3.3 GLOBAL – LOCAL APPROACH:
Depending on the country specific advantage all the elements of the nuclear power
value chain is dispersed around the globe. Hence it turns into a highly coordinated
operation starting from mining to the ore conversion to fuel rods and finally ending at
the recycle phase. According to M.E. Porter (1986), such a scenario is typically calls
for a Global strategy.
3.4 CAGE ANALYSIS:
According to Ghemawat (2007), the CAGE framework helps to understand how
compatible both the company’s country as well as the host country is on the
parameters of distance between Culture, Administration, Geography and Economy.
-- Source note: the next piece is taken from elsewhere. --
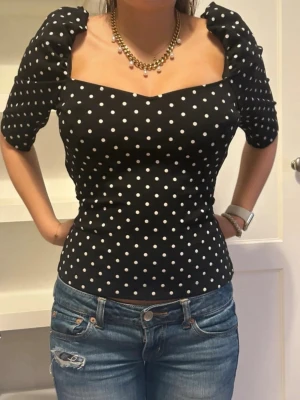 Svart prickig topp med puffärmar - Snygg svart topp med vita prickar och puffiga korta ärmar. Toppen har en fyrkantig urringning och figurnära passform som ger en trendig siluett. Perfekt att styla med jeans eller kjol för en cool look.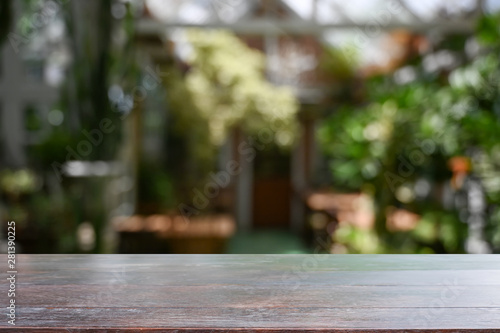 Wood desk in garden background with empty table.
Using this framework the advantages and disadvantages for Areva can be understood.
CULTURE:
UAE is a modern country in that it has a global workforce and although the official
language is Arabic the medium of instruction during work is English.
ADMINISTRATIVE:
France has been a political and trade partner, in terms of French exports and
investments, of UAE for around three decades.
GEOGRAPHY:
In terms of geography although UAE has the disadvantage of the lack of opportunities
to mine, the result might be high cost of transportation of uranium to UAE. The
presence of French Military base in Abu Dhabi gives a sense of security to the country
since nuclear materials need to be operated in a secure environment. UAE’s proximity
to the GCC North Electricity grid inturn provides Areva further opputunities to
increase their capacity and presence in the region.
ECONOMIC:
Nuclear power plants are a capital-intensive investment and UAE being a oil-rich
country has the means to cover the cost. Furthermore the presence of seven free trade
zones within the country helps Areva to reduce their costs in terms of warehousing
and logistics.
The CAGE framework summarizes and shows that UAE is a compatible market
interms of Areva perspective.
4. MARKET ENTRY:
The analysis of the market using the above framework shows that UAE indeed is a
plausible market. Understanding this fact helps us choose the mode of entry into the
market. From the four types of entry modes the one applicable to Areva will be Joint
venture since power generation is a matter of national interest the UAE government offers
joint venture as the only option to build and operate the power plant. The advantage of the
joint venture is that the cost of the venture in total is paid by UAE although there might be
of a slight disadvantage in terms of knowledge sharing since technical expertise in this
field is quite scarce in the country.
From the above frameworks and the resulting analysis we can it is evident that Areva has a
strong brand and experience coupled by the strong and compatible market place. Hence the
above strategic scenario looks appropriate in the current scenario although it might require
strategic realignment since both the market and the company’s presence in the market is
new.
5.STRATEGIC REALIGNMENT:
5.1 REALITY:
UAE received its approval from IAEA on March 2009 and it passed its nuclear law in
October 2009 and requested for tender for the reactor construction from the global
companies and it selected the company in December 2009. Since it’s a new market
and the time frame was quite short, two months, it is difficult to analyze the
effectiveness of the strategy in terms of trends or metrics. Among the three
competitors bidding for the UAE reactor contract: a US – Japanese consortium of GE
– Hitachi, Korean Electric Power Corporation (KEPCO) and a Areva’s French
consortium, the bid went in favour of KEPCO.
5.2 LOST BID – WHY?
According to the report by Business Week (2010), Areva had lost the bid since
KEPCO had underbid them by $10 billion for four nuclear power plants in the UAE.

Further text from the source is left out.